Celeriac Puree is one of those foods that most people never try because they think it’s must be complicated, but it’s actually an easy-going, forgiving dish to make that is a perfect cook to impress dish for the cook who doesn’t want to hover. My recipe is perhaps a bit tangier and less creamy than most, but it is also significantly lighter.
- 1 knob of celeriac or celery root, peeled and chopped into big cubes.
- 1/4 cup of half and half
- 1 fresh lemon, juiced
- 2 quarts of water
Add lemon juice to the water, then the half and half, toss in the celeriac and put on medium heat. Bring to a boil and let cook for 25 minutes or so, until tender. Remove, strain, reserving liquid. Put the chunks into a blender or Magic Bullet® and add back 1 cup of the cooking liquid (more or less) and puree. Add more liquid to get the texture you like. You can add salt and pepper if you like. I like its bright, lemony tartness as is.
With chicken, leeks and mushrooms you can make a fricassee so many different ways, the most difficult thing about cooking it up is deciding which flavor profile to choose. Since celeriac puree is common in French cuisine (though usually made with 4 times as much dairy and whole cream, not half and half) I decided to go with tarragon. Makes 4 servings.
- 6 oz of cooked chicken (I have this from when I made Chicken Noodle soup the other day)

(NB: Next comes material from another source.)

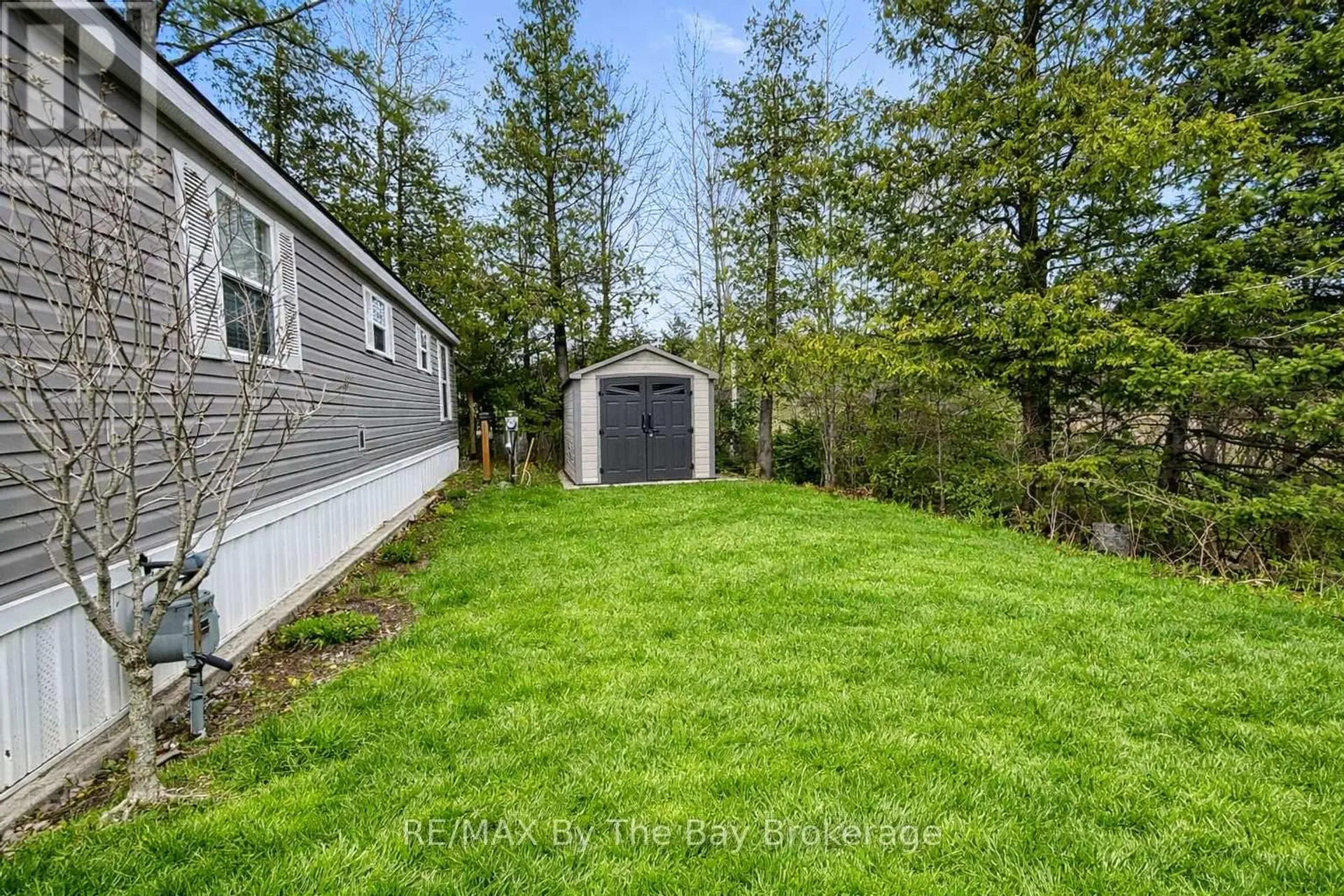 83 MADAWASKA TRAIL - Image 15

- 1/2 leek, cut in half lengthwise and sliced thin, just the green end
- 1/2 celery stalk, cut in half lengthwise and sliced thin
- 6 mushrooms, cut in half and sliced thin
- 1 tbsp tarragon
- 1 TBSP dijon mustard
- 2 TBSP butter
- 2 TBSP flour
- 1 TBSP pear brandy
- 1 TBSP olive oil
Heat the olive oil in a skillet, adding leeks, celery and tarragon and cook until softened. Add the mushrooms and pear brandy and stir. Add the chicken and 1 TBSP of water and cover. In 3 to 5 minutes, slide everything over to one side of the pan. On the other side add the roux made with butter and flour. Add about 1 cup of water and the mustard and stir. Mix in the with fricassee and cover for a couple minutes. Serve on top of the celeriac puree. Makes 4 servings, just like the celeriac.
I dished up two servings each of puree in two bowls and put the fricassee on top. I had one for lunch and put a cover on the other for lunch tomorrow.